**Work to be completed**
Restate the following data in its entirety, word for word and without images.

**Recorded data**
┏━━
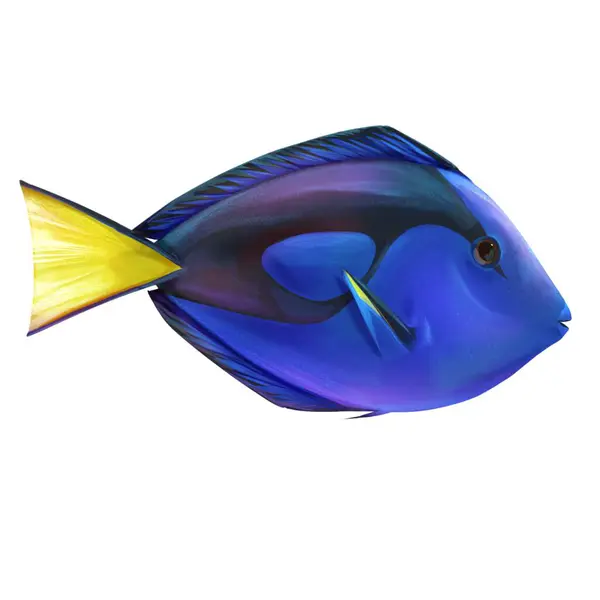 Beyaz arkaplanda izole edilmiş balık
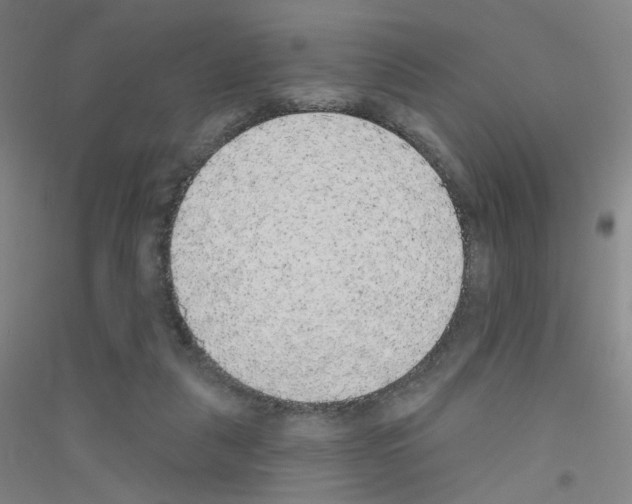 X0000116790259201001291525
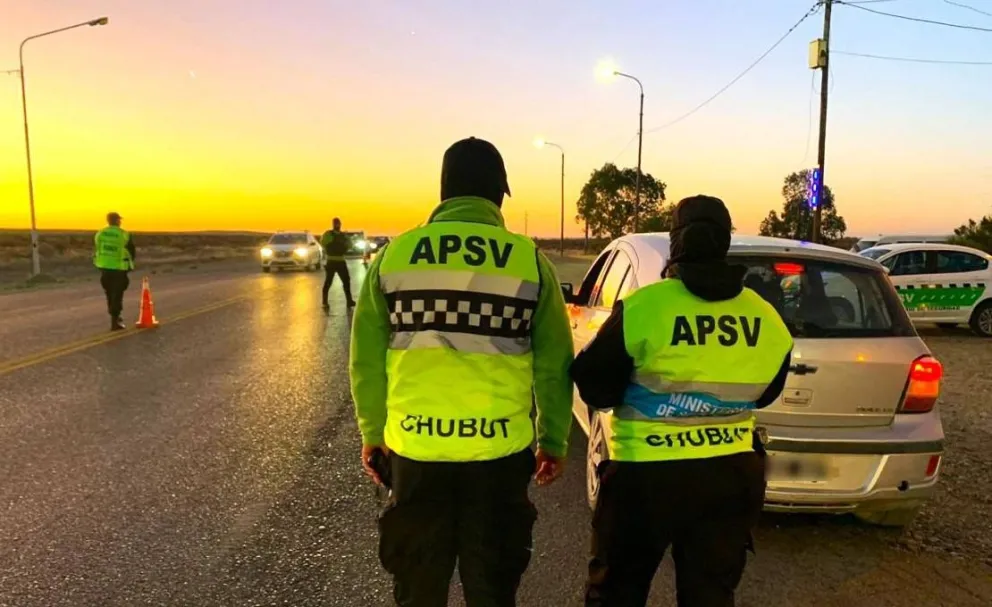 Verano Seguro: Provincia controló cerca de 10.000 vehículos y retiró a 45 conductores alcoholizados de la vía pública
┗━━
**Response below**
 Beyaz arkaplanda izole edilmiş balık
 X0000116790259201001291525
 Verano Seguro: Provincia controló cerca de 10.000 vehículos y retiró a 45 conductores alcoholizados de la vía pública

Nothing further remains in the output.